This is actually a feature (Stimela always looks in a certain set of include paths, starting from CWD), as it allows for more flexible configurations if deployed correctly. For example, optional local configuration files can override deafult package configuration files in this way. But it can also lead to confusion.

The correct way for the foo package to avoid confusion is to have bar.yml use _include: (.)baz.yml instead. The (.) construct tells Stimela to look for baz.yml at the same location that it was included from, and ignore the normal include paths. (Python programmers will recognize the analogy to from . import baz or import .baz).

Bottom line: _include: baz.yml allows the user to override baz.yml by providing their own version. _include: (.)baz.yml means include the package version, and no other.

Structured includes and optional includes#

The reader will already have noticed that an _include statement may contain a single file, or a sequence of files. When including multiple documents from the same location, you may also structure the include statement to save repetition:

_include:
    (cultcargo):
        wsclean.yml
        breizorro.yml
    some_directory:
        foo.yml
        bar.yml
    .:
        local.yml   # same as _include: local.yml

Finally, if you want to make an include optional, append [optional] to the filename:

_include:
    - (cultcargo)wsclean.yml[optional]

This will cause Stimela to happily proceed if the include is not found (whether the recipe remains functional is another matter). This may be useful to support optionally-installed packages.

Use: reusing content#

The special _use section is closely related to _include, but instead of pulling in YaML files, it copies in previously defined sections. A typical use case for _use (excusing the pun) is “library” content. You’ll want to use _use (excusing the pun) if you find yourself often repeating identical bits of YaML. For example, if your recipe contains multiple imaging steps where you invoke the imager with a largely the same set of parameters, you can avoid repetition like so:

calibration-recipe:
    info: "a notional recipe for calibration & imaging"
    ...
    steps:
        image-1:
            info: "make initial image and model from DATA column"
            cab: imager-tool
            params:
                ms: =recipe.ms
                mode: image
                size: =recipe.image-size * 2
                column: DATA
                output.image: '{recipe.image-name}.image-{info.suffix}-{current.size:05d}.fits'
                output.model: '{recipe.image-name}.model-{info.suffix}.fits'
        ...
        image-2:
            _use: calibration-recipe.steps.image-1
            info: "make image from calibrated data column"
            params:
                column: =steps.calibrate.output.column
                output.image: '{recipe.image-name}.image-{info.suffix}.fits'

Here, the definition of the image-1 step is copied over into image-2, then tweaked. Note how the merge-and-augment semantics are exactly the same as for _include. That is, subsections are merged, and “leaf” values are modified.

Note that _use will accept either a single string, or a sequence of strings.
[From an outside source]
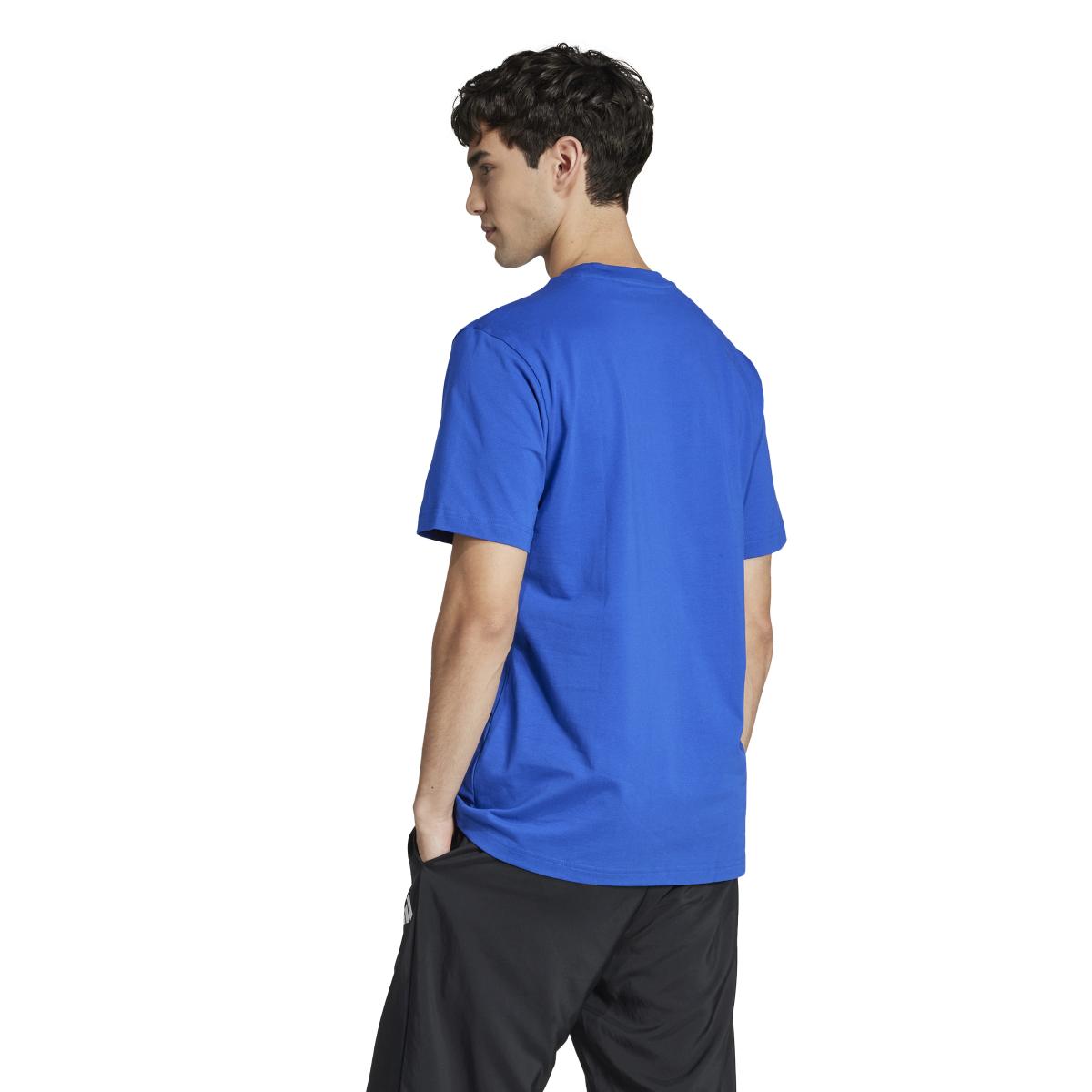 product/a/d/adidas_jj3933_royblu_3.jpg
In the latter case, the sequence is treated as multiple ections names, which are all merged together in the given order.

An alternative way to modularize the above is to use the standard lib namespace of stimela. In particular, lib.steps is meant to contain reusable step definitions. You could recast the above in terms of a “standard” imager invocation, by incuding something like this in my-cabs.yml:

lib:
    steps:
        standard-imaging:
            cab: imager-tool
            params:
                ms: =recipe.ms
                mode: image
                output.image: '{recipe.image-name}.image-{info.suffix}-{current.size:05d}.fits'
                output.model: '{recipe.image-name}.model-{info.suffix}.fits'

Your recipe file could then reuse this step definition like so:

calibration-recipe:
    info: "a notional recipe for calibration & imaging"
    ...
    steps:
        image-1:
            _use: lib.steps.standard-imaging
            info: "make initial image and model from DATA column"
            params:
                size: =recipe.image-size * 2
                column: DATA
        ...
        image-2:
            _use: lib.steps.standard-imaging
            info: "make image from calibrated data column"
            params:
                column: =steps.calibrate.output.column

Scrubs#

The sharp-eyed reader will have spotted one limitation to the merge-and-augment semantics of _include and _use. Any subsections brought in by these statements can be added to, and leaf items can be overwitten, but it’s one-way traffic – nothing can be removed.

The _scrub keyword is provided to overcome this restriction. Any section listed in _scrub will be removed from anything brought in by _include or _use. A (rather futile) example would be:

_include:
    - (cultcargo)wsclean.yml
_scrub:
    - cabs.wsclean

This will pull in the (presumed) WSClean definition from cult-cargo, them proceed to remove it (presumably remove it, as the cult definiton could contain more than than cabs.wsclean). A somewhat more useful example would be if one wanted to completely redefine a WSClean input (as opposed to tweaking the standard definition, as above):

_include:
    - (cult-cargo)wsclean.yml
_scrub:
    - cabs.wsclean.inputs.redefined-parameter

cabs:
    wsclean:
        inputs:
            redefined-parameter:
                dtype: int
                default: 0
                info: "this input is redefined from scratch"

Scrubbing tends to be even more useful in step definitions. If one wanted to define a step based on a previous step (or a template from lib.steps), minus some parameters, plus some parameters, _scrub is the way to do it.

Best practices?#

The _use and _include features offer one a lot of rope, and even as the developers, we are still figuring out the best ways of deploying them. Modularity is more often a matter of custom and taste. We can only offer general advise:

  • Repetition is annoying, and tends to lead to cut-and-paste, which often leads to errors. Use the lib namespace with _use and _include!

  • “Make everything as simple as possible, but not simpler.” (Albert Einstein.) Which is a fine ethos, but then “Radio interferometry is death by a million papercuts.” (Jan Noordam.) And finally, “Code is read more often than it is written.” (Guido van Rossum.) So, considering these pearls of wisdom from a German and two Dutchmen:

    • A good top-level recipe should convey the essense of what is being done, without going into unnecessary detail.

    • Detail should be hidden in lib and brought in via _use and _include.

    • …but without overuse (pardon the pun). One should not need to dive through multiple levels of include files to figure out where a particular step’s parameter is coming from. A single level is OK, two levels or more need to be considered carefully.

    • Tweaking things like cab definitions at the recipe level is simple and powerful, and can be necessary, but again, don’t overuse it.

Deployed sensibly, _use and _include provide ways of specifying common settings in a single place. Following the “plurality of means to peel a feline” ethos, stimela provides other ways, such as Recipe variable assignments and Aliased inputs/outputs. Again, we do no mean to suggest a single one, but rather leave it to experience to come up with Best practices.

As far as basic modularity goes, a sensible workflow that works well for one of the developers runs as follows:

  • Project-specific recipes live in their own repository, along with a few project-specific cab and step definitions (e.g. rrat-cabs.yml).

  • More generic cab definitions live in a separate repository (https://github.com/o-smirnov/omstimelation). The project-specific cabs include this as _include: omstimelation/oms-cabs.yml.

  • oms-cabs.yml includes cult-cargo.

  • Cab definitions can eventually be promoted “upstream”. Some project-specific tools that were initially wrapped in rrat-cabs.yml eventually get generic enough to graduate to omstimelation. From there, if they are even more generally useful, they can be considered for promotion to cult-cargo.